**Exercise materials**.

§

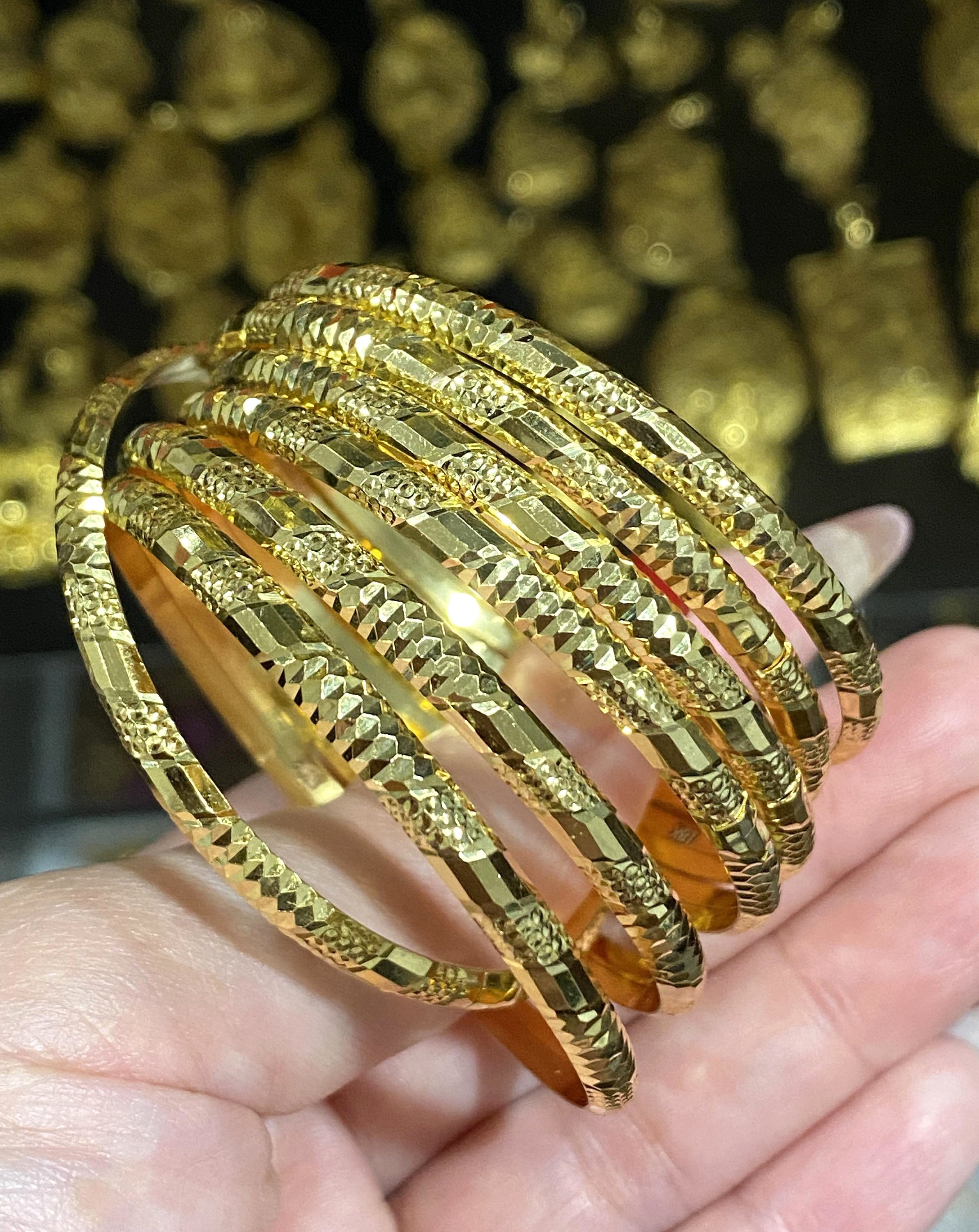 Ameri VINTAGE SAND LIKE BANGLE ゴールド バングル
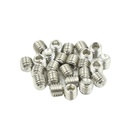 25Pcs M5 x 5 Stainless Steel Hex Grub Screw Internal Hex Drive Cup Allen Head Socket Point Set Screws for Door Handles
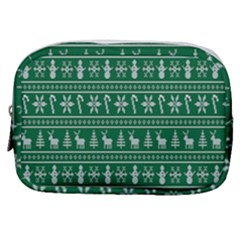 Wallpaper Ugly Sweater Backgrounds Christmas Make Up Pouch (small) by artworkshop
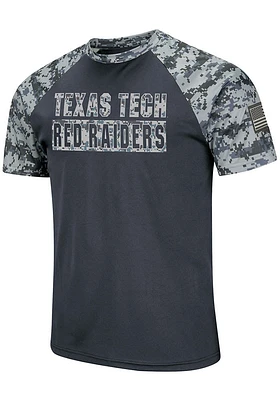 Colosseum Texas Tech Red Raiders Grey OHT Raglan Camo Performance Short Sleeve T Shirt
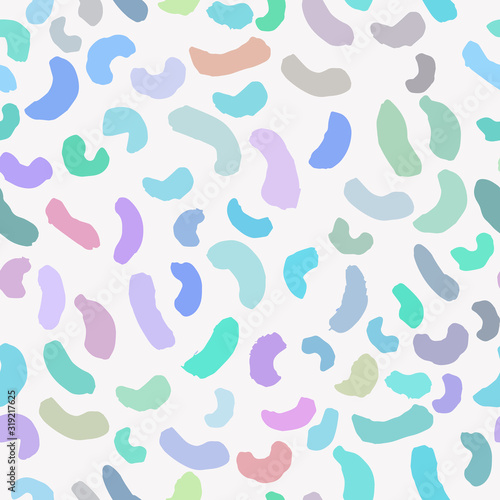 Seamless pattern with blots and beans.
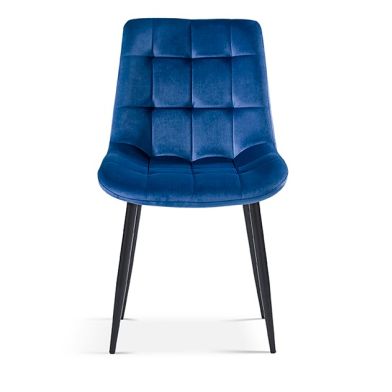 Interiax Dining Chair Lucy Velvet Blue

§

**Work to be completed**.
Everything from the line containing "Seamless pattern with blots and beans." through the last line of the records above is to be reproduced exactly, except the pictures.

**Exercise output**.
 Seamless pattern with blots and beans.
 Interiax Dining Chair Lucy Velvet Blue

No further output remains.